La idea de crear algo, una especie de aplicación que no permita opinar hasta dos horas después de haber leído un texto (esto suponiendo que uno se lo ha leído completamente) planea sobre la conversación. "Es tan difícil luchar contra la avalancha de la opinión pública... Lo único que puede hacer uno es controlarse a sí mismo. Con internet ha pasado lo mismo que ha pasado con el coche. Son inventos que han cambiado la vida del ser humano, pero que han traído muchos problemas al mismo tiempo. Yo intento tener cuidado con respecto a lo de la reacción inmediata. Por ejemplo, no actúo en Twitter. Porque yo no soy mejor que nadie; puedo volver a casa de noche con dos copas de más y opinar alguna estupidez, así que prefiero no tener esa posibilidad".

Resulta curiosa esta automoderación, este autocontrol, en alguien de un gremio tan dado a opinar a bocajarro en redes. Su personaje bocachancla de 'Tinto de Verano' choca contra la realidad de una persona pública que intenta controlar la vanidad y el autobombo desbordantes en los que sabe que es fácil caer. "Sucede mucho entre escritores que están teniendo una suerte repentina y que todavía no manejan los elogios que les llegan. Siempre va a haber gente diciéndote lo maravillosa que eres, pero eso no significa que debas creértelo. Es como si estuvieses diciendo todo el rato: Me han dicho que soy maravillosa, me han dicho que soy guapa, me han dicho que hago las cosas muy bien. Hay que contenerse. En ese sentido, creo que las mujeres estamos más acostumbradas a la contención. A los hombres, cuando son vanidosos, se les va bastante más la olla".

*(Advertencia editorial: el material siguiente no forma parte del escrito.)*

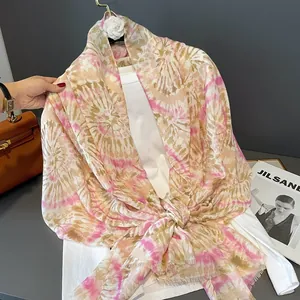 Dettaglio della trama tie-dye rosa e beige su questo scialle estivo leggero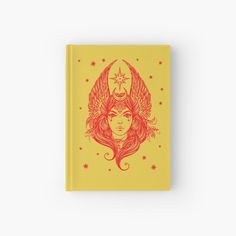 a yellow book with an image of a woman's face and wings on it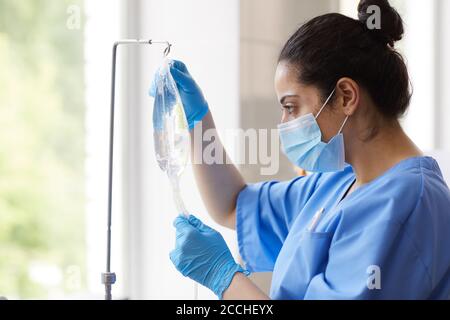 Krankenschwester in Maske und in Schutzhandschuhen Vorbereitung Dropper für Patient im Krankenhaus Stockfoto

Son tiempos de egos exacerbados, en los que muchos editores, al igual que el suegro de la propia Elvira en 'Tinto de Verano', sueltan la frase lapidaria de que "la novela ha muerto". Aparecen por doquier grandes éxitos literarios basados en las vidas de los propios escritores. Autores como Knausgaard, Carrère, Delphine de Vigan o James Rhodes marcan de alguna forma la línea de lo que es el éxito literario.

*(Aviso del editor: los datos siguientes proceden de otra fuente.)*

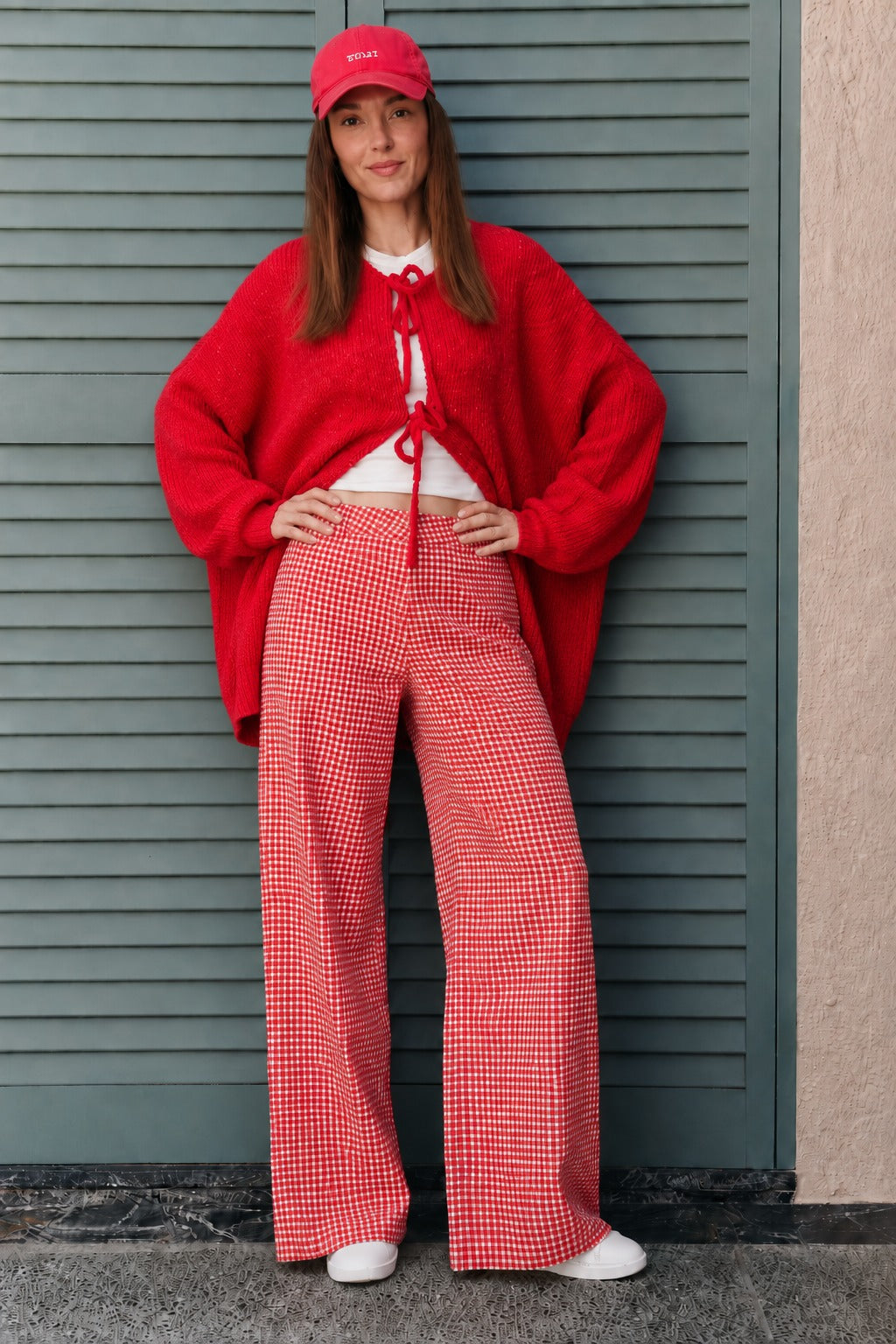 Woman wearing Colette red gingham wide-leg pants styled in a casual everyday outfit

Elvira advierte de los peligros de esta corriente: "Con este tipo de literatura, puede correrse el peligro de que el foco se ponga en lo que cuentas de tu vida. Es como si se valorase el nivel de desnudez frente al lector, y no la capacidad de inventar cosas. Esto puede ser un pecado de la época, con esto de que hablar del yo es lo importante. Y que conste que me encantan las biografías, pero corremos el peligro de que estas novelas confesionales se conviertan en un mercado editorial. No todas las vidas escritas tienen que ser terribles para ser interesantes. Lo serán si quien las escribe las hace interesantes".

La mujer volátil que odia el campo y exige a su marido que la lleve a Madrid, el niño de barrio salvaje, las dos barrenderas sin rumbo en la vida, el adolescente que desconoce su propio pasado, la mujer atrapada en el frío invierno neoyorquino... da la sensación de que todos esos personajes cohabitan en el cerebro e incluso en la propia vida de Elvira Lindo. Pero durante la charla, quien parece prevalecer sobre todos ellos, es la mujer que ha decidido hacer lo que mejor sabe hacer: cualquier cosa que le apetezca. Una especie de artista integral que sabe vernos a los demás y a ella misma con la mirada afilada y reflexiva que es necesaria para poder ser todo lo seria o frívola que le dé la gana.